Collected material =
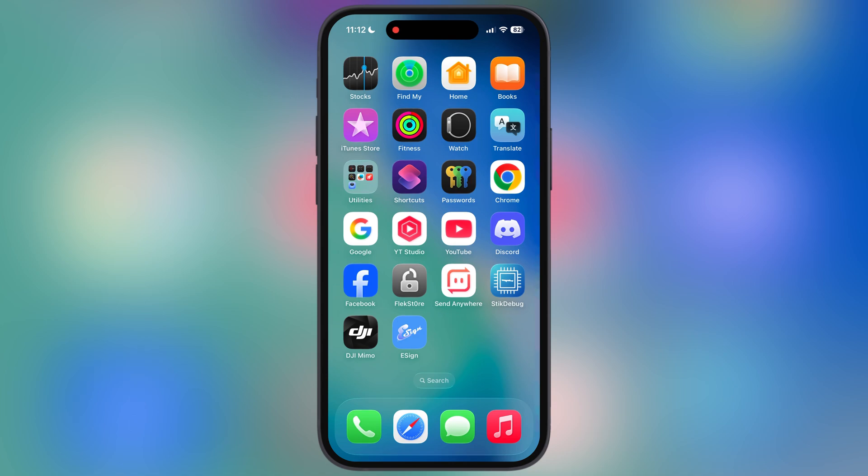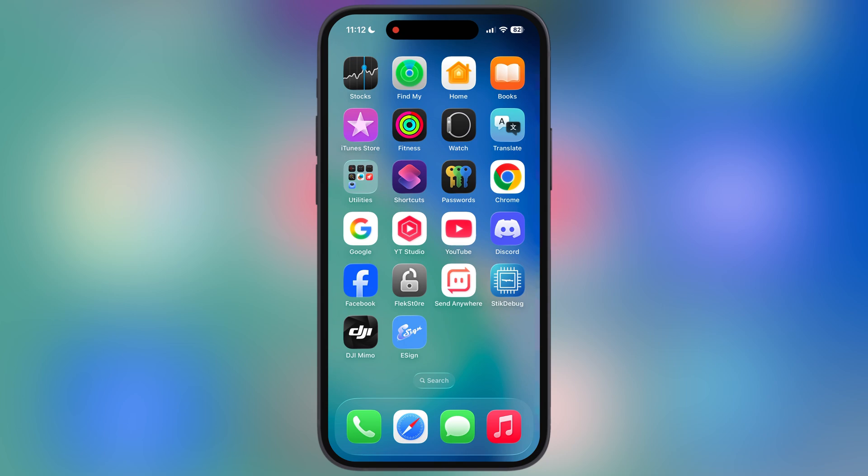Once you have IPA file, now we have to install it using any sideloading method. Right now all the e-sign, k-sign has been revoked, so I will suggest you to use Sideloadly app. It is 100% free app to install IPA file on iOS device. If you do not know about Sideloadly, go to the description, I will leave the video link there.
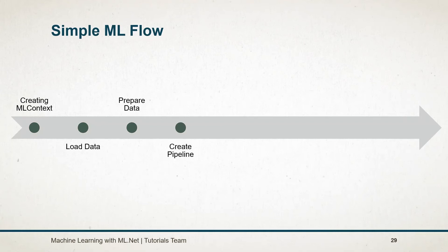Then we need to create a pipeline for a model. Using this, we can specify which kind of trainer we need to use, which algorithm will be used to prepare the model.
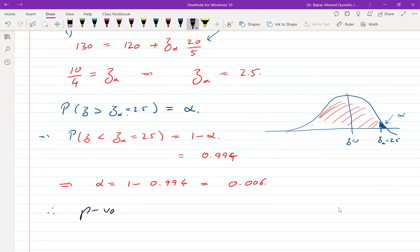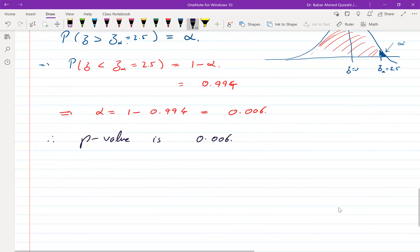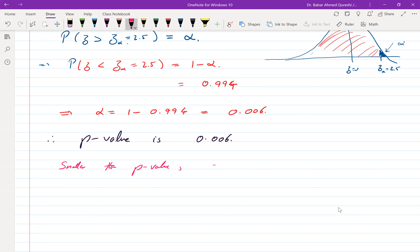The p-value is 0.006. In other words, we could reject H0 with a much smaller significance — we have much stronger evidence in favor of H1. The significance of this result — H0 rejected, H1 accepted — is given by the p-value of 0.006. Smaller the p-value, stronger is the evidence in favor of your result.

Task to carry out =
Return the whole listing, word for word, and leave out every picture.

Task response =
Once you have IPA file, now we have to install it using any sideloading method. Right now all the e-sign, k-sign has been revoked, so I will suggest you to use Sideloadly app. It is 100% free app to install IPA file on iOS device. If you do not know about Sideloadly, go to the description, I will leave the video link there.
Then we need to create a pipeline for a model. Using this, we can specify which kind of trainer we need to use, which algorithm will be used to prepare the model.
The p-value is 0.006. In other words, we could reject H0 with a much smaller significance — we have much stronger evidence in favor of H1. The significance of this result — H0 rejected, H1 accepted — is given by the p-value of 0.006. Smaller the p-value, stronger is the evidence in favor of your result.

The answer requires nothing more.